--- Given data ---
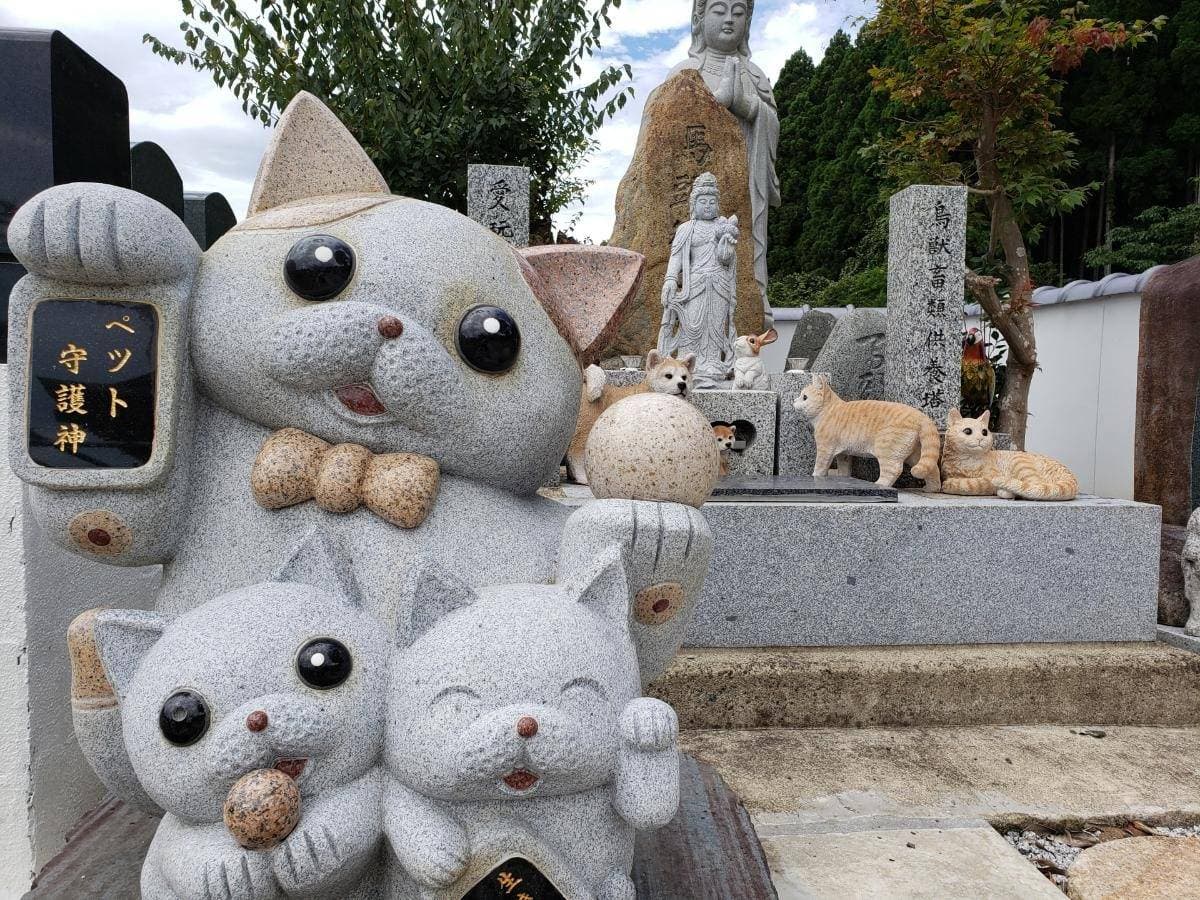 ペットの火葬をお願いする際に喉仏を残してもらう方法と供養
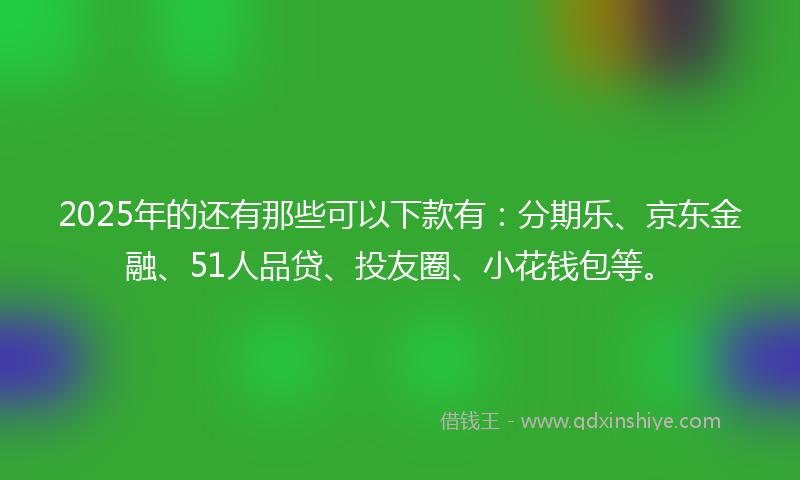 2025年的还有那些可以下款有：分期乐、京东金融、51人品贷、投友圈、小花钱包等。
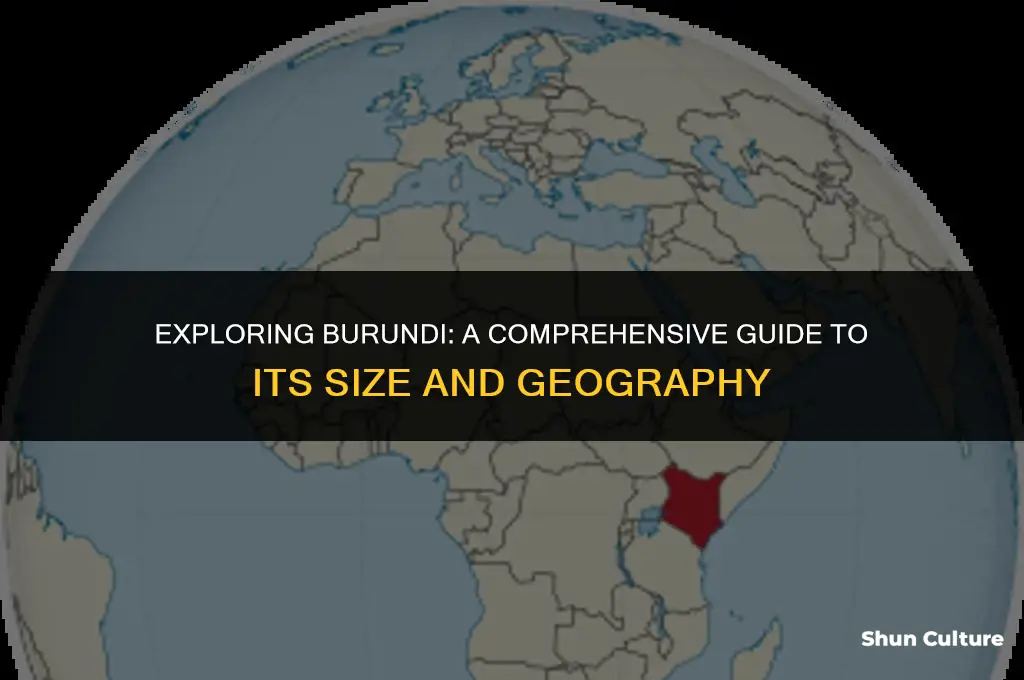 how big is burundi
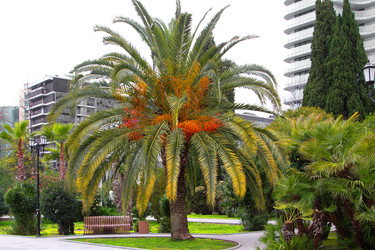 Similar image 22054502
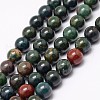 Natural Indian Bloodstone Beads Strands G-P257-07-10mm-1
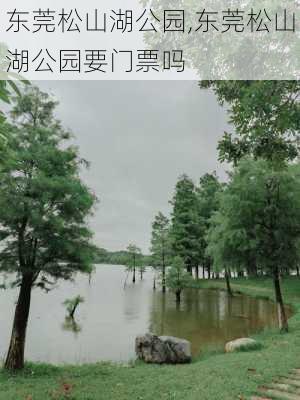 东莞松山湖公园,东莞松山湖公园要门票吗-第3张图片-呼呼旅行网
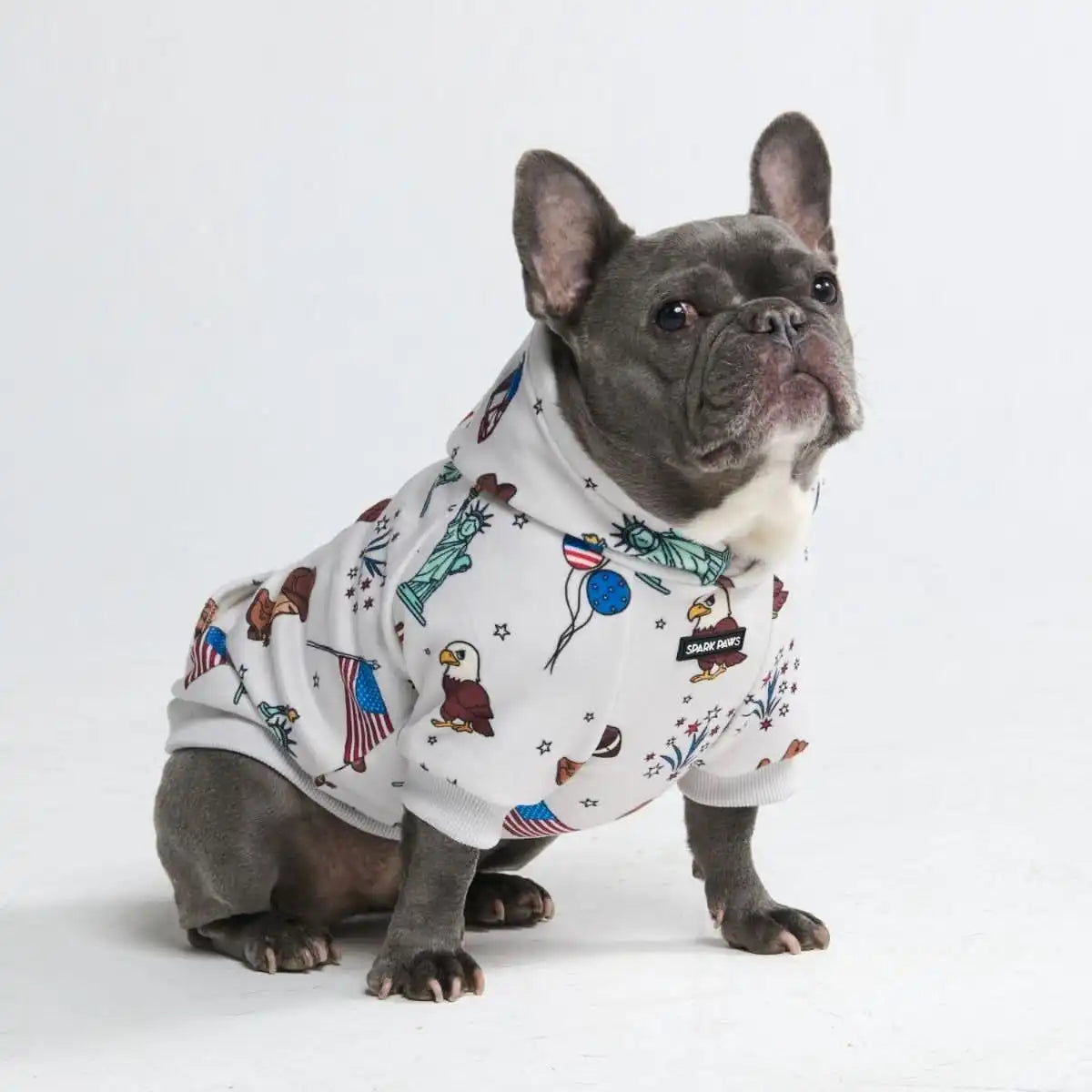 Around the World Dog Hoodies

--- What you should do ---
Starting with the line that contains "2025年的还有那些可以下款", copy every line word for word through the end of the listing above, but leave out the pictures.

--- Answer below ---
 2025年的还有那些可以下款有：分期乐、京东金融、51人品贷、投友圈、小花钱包等。
 how big is burundi
 Similar image 22054502
 Natural Indian Bloodstone Beads Strands G-P257-07-10mm-1
 东莞松山湖公园,东莞松山湖公园要门票吗-第3张图片-呼呼旅行网
 Around the World Dog Hoodies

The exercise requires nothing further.